- _DATA SECTION_:
* * * *

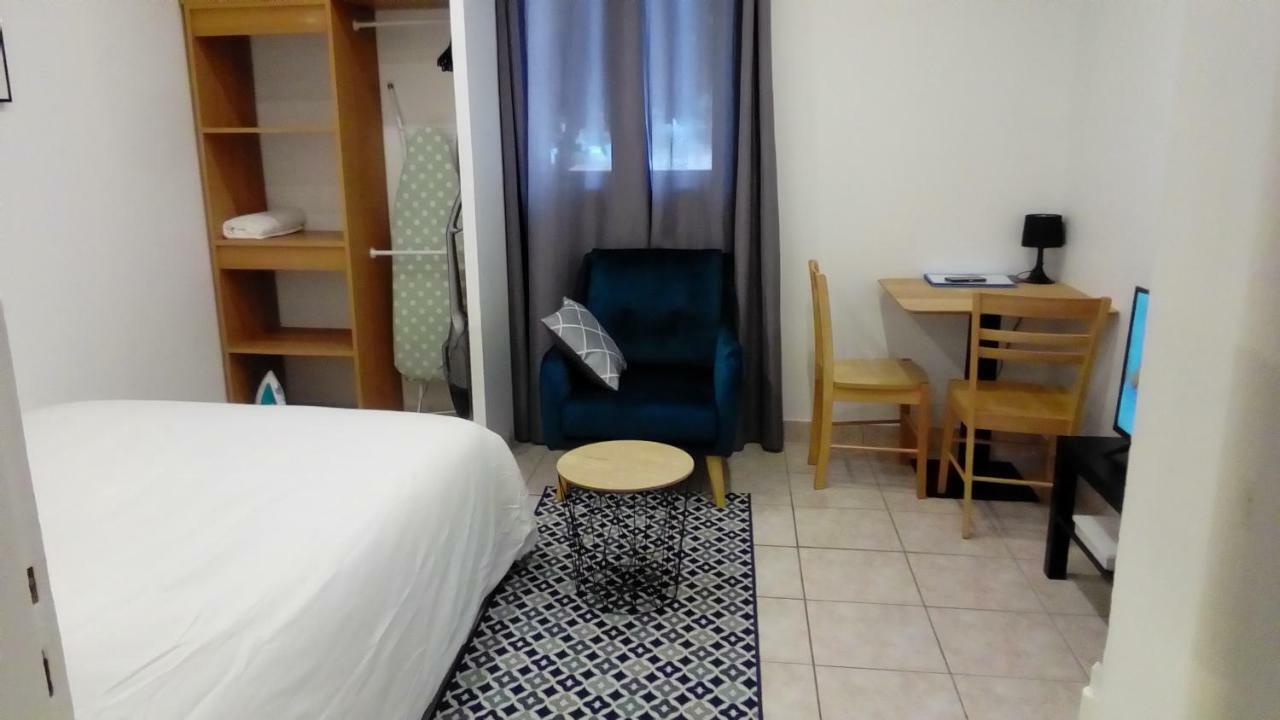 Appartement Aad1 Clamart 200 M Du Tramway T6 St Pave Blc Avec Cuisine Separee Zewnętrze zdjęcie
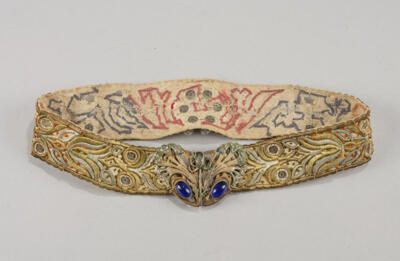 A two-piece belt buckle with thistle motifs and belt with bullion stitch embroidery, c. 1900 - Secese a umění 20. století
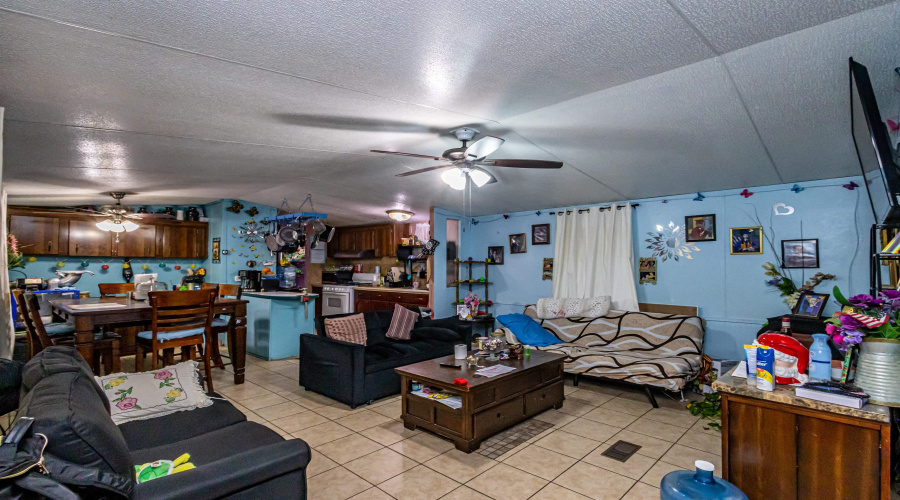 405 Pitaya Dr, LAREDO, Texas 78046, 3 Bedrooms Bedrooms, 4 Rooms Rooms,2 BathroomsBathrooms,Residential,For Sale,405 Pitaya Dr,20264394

* * * *

Once the pictures are dropped, please print every remaining line of the material verbatim.

 Appartement Aad1 Clamart 200 M Du Tramway T6 St Pave Blc Avec Cuisine Separee Zewnętrze zdjęcie
 A two-piece belt buckle with thistle motifs and belt with bullion stitch embroidery, c. 1900 - Secese a umění 20. století
 405 Pitaya Dr, LAREDO, Texas 78046, 3 Bedrooms Bedrooms, 4 Rooms Rooms,2 BathroomsBathrooms,Residential,For Sale,405 Pitaya Dr,20264394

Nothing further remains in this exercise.